• [HOW TO COMPLETE THIS TASK]: The reply should contain the full listing exactly as written and no pictures at all.

• [MATERIAL SHOWN]:
------------------------------

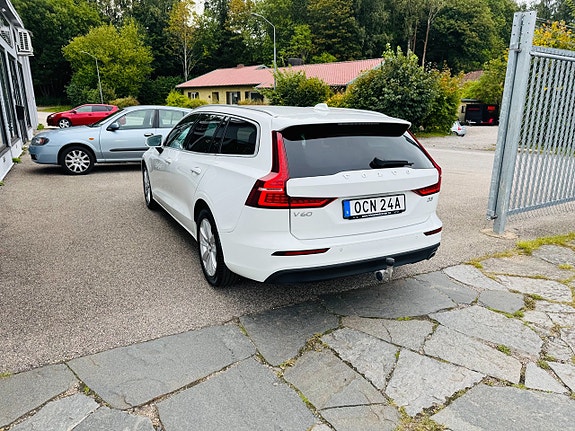 Volvo V60 4 of 24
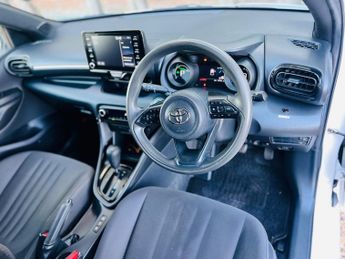 Toyota Yaris 1.5 VVT PETROL HATCHBACK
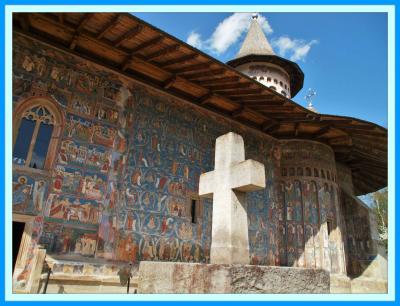 《ヨーロッパ最後の中世》といわれるルーマニアってどんな国！?　その４　★ふんだんに使われたヴォロネツ・ブルーに魅了される・・・ヴォロネツ修道院★
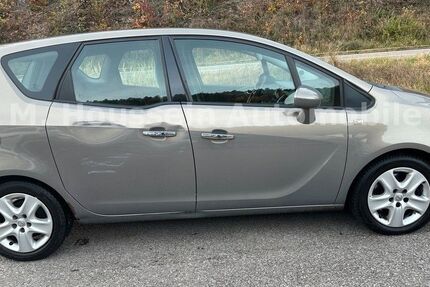 Opel Meriva 199.000 km 2.999 &euro; Altensteig 72213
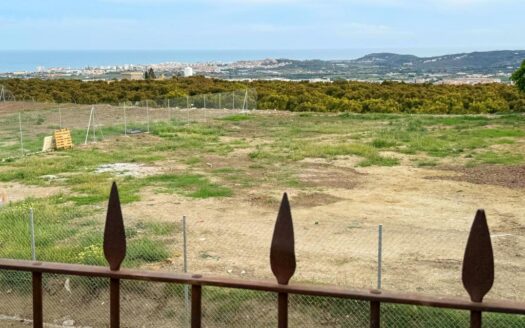 TERRENO CON CASA EN VÉLEZ-MÁLAGA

------------------------------

• [COMPLETED EXERCISE]:
 Volvo V60 4 of 24
 Toyota Yaris 1.5 VVT PETROL HATCHBACK
 《ヨーロッパ最後の中世》といわれるルーマニアってどんな国！?　その４　★ふんだんに使われたヴォロネツ・ブルーに魅了される・・・ヴォロネツ修道院★
 Opel Meriva 199.000 km 2.999 &euro; Altensteig 72213
 TERRENO CON CASA EN VÉLEZ-MÁLAGA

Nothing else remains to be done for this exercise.